On trial are Allen, 29; Eric Dixon, 23; Jeremiah Skidmore, 24; Jason Potter, 27; Ryan Flaherty, 24; and Michael Flom, 25. A grand jury indictment charges the defendants with one count of conspiring to violate the civil rights of racial and religious minorities. All but Skidmore also face three counts of violating the federally protected civil rights of racial and religious minorities. Each crime carries a maximum penalty of 10 years in prison and a $250,000 fine.

The trial entered its seventh day Tuesday in U.S. District Court before Judge Richard Cebull. Prosecutors rested their case after Ehersman's testimony. The first defense witness, Dixon's father, testified briefly Tuesday afternoon.

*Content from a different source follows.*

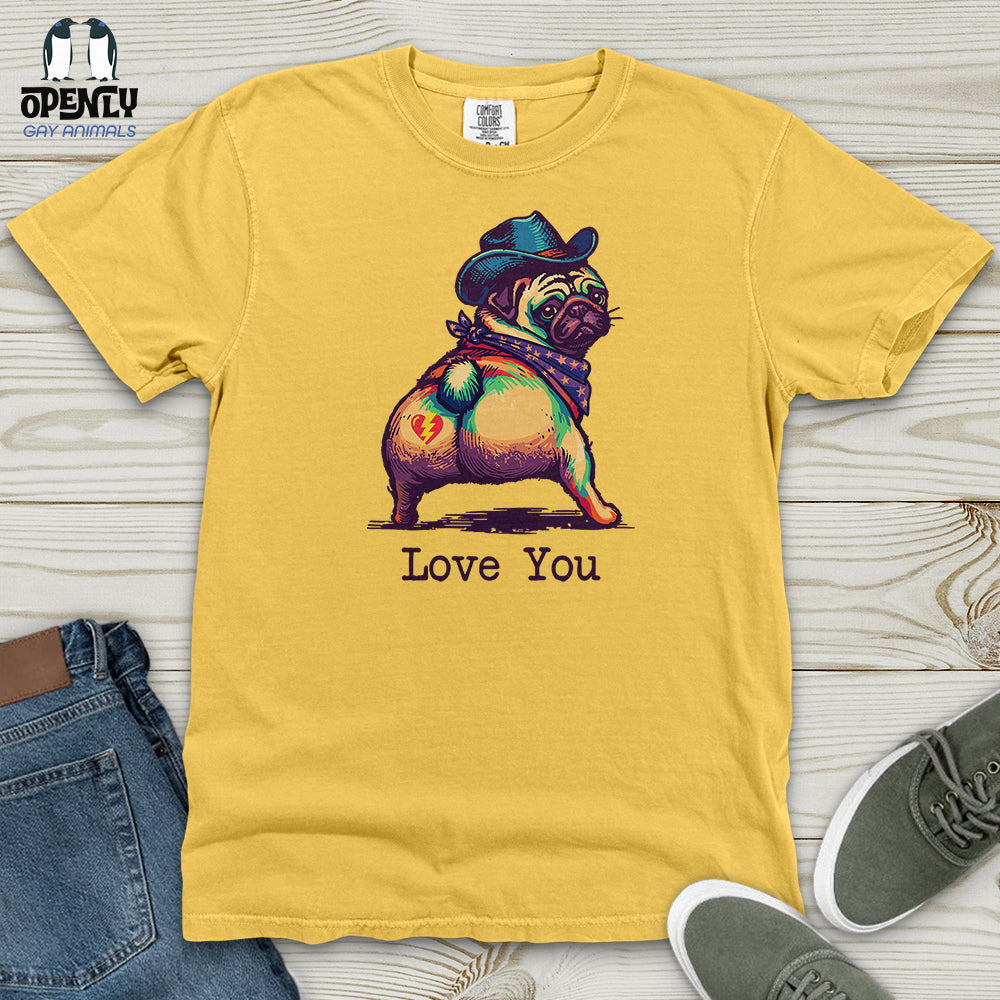 Love You Heavy Cotton Comfort Colors Tee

In an emotional exchange, federal prosecutor Mark Blumberg reminded Ehersman that she had lied to federal officials before her testimony in front of a federal grand jury.

"When we met in May, you lied to me didn't you?" Blumberg said.

"I lied to everybody there," Ehersman said.

"You lied to protect Sean, didn't you?" Blumberg said.

"Yes," she replied.

Blumberg refreshed her memory by making numerous references to her testimony before the grand jury.

Federal prosecutors put Ehersman on the witness stand Tuesday in hopes of shedding some light into the workings and motivation of the Montana Front Working Class Skinheads. All six defendants in the case are either MFWCS members of have ties to the group.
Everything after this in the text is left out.